I still stand by what I said then. The BBC is funded by a licence fee and nobody gets rich working there. The BBC spends public money and has a duty to spend it wisely; so if independent producers managed to get rich by working for the BBC that was fine, but it wasn't the BBC's role to ensure that it happened.

Of course, most independent producers never get rich at all, and there is a split in the ranks of indies between the hundreds of small companies striving to exist at all and the big independents. Pact, the trade association of the independent sector, spends its life trying to balance the interests of these two very different sections of members.

The problem with the whole industry is that there are no barriers to entry. This year, with both ITV and the BBC laying off producers, I've no doubt hundreds of new indies are being formed as I write. As Sir John Harvey-Jones commented some years ago, independent production ends up in danger of being a lifestyle, not a business.

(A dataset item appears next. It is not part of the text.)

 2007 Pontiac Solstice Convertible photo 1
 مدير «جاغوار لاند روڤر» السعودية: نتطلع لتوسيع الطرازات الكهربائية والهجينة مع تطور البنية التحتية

One of the problems of the independent sector is that while some of the indies are very good employers, others are not, and it's not unusual for some independent producers to exploit their people horribly. It is not unknown for young people desperate to get into the television business to work for months on end for an independent producer without being paid at all.

How rosy is the future in the independent sector? ITV is clearly trying to produce as many programmes as it can through its own production company, Granada, and, looking forward, it is very difficult to see how the Government can force ITV, or Five for that matter, to take 25 per cent of its programmes from the independents once the analogue signal is switched off. When that happens ITV, in regulatory terms, will be no different from Sky or the dozens of other digital channels who do not have a quota forced upon them.

At that stage it will be down to straight economics. Does ITV go for in-house production where it owns all the rights, or does it play the market and get the best programmes wherever they come from to boost ratings? Talk to anyone at ITV Network Centre and they make it clear they'd choose the latter but are pressurised to buy from Granada. But for ITV corporately the choice isn't that simple. The question is which is the most valuable - a boost to ratings in the short term or long-term ownership? Looking at what has been happening to ITV ratings, it must be tempted by the short-term option.

A shameless plug for a great TV writer

Every so often a writer emerges on British television who is so much better than his or her contemporaries that they stand out from a very early age. Paul Abbott, whose latest project for Channel Four - Shameless - won three Royal Television Society awards last week, is just such a writer. He trained on Coronation Street and gained early experience writing for Granada's Cracker.

For a comparatively young man, Abbott's recent achievements are remarkable. In the last five years he has swept the board at most of the television awards ceremonies with first Clocking Off, then State of Play, both written for the BBC, and now Shameless which, for me, became absolutely essential viewing from the very beginning and is, arguably, his best work to date.

For those who haven't seen it, it is about a dysfunctional Manchester family living on a sink estate; rather than being unremittingly depressing in describing their lives it combines wit, humour and emotion to portray a group of people who live by rules totally different to the rest of society. It neither admires them nor looks down on them, and you do end up liking even the most flawed of the characters. Like State of Play it is one of the great pieces of television of recent years.

I was interested to read that Abbott's next project for the BBC is about someone who murders a television celebrity. Paul doesn't have to sell his ideas - broadcasters queue up for them - but this would have been an easy sell in any circumstances, as many executives have dreamed of doing exactly this to certain celebrities for years.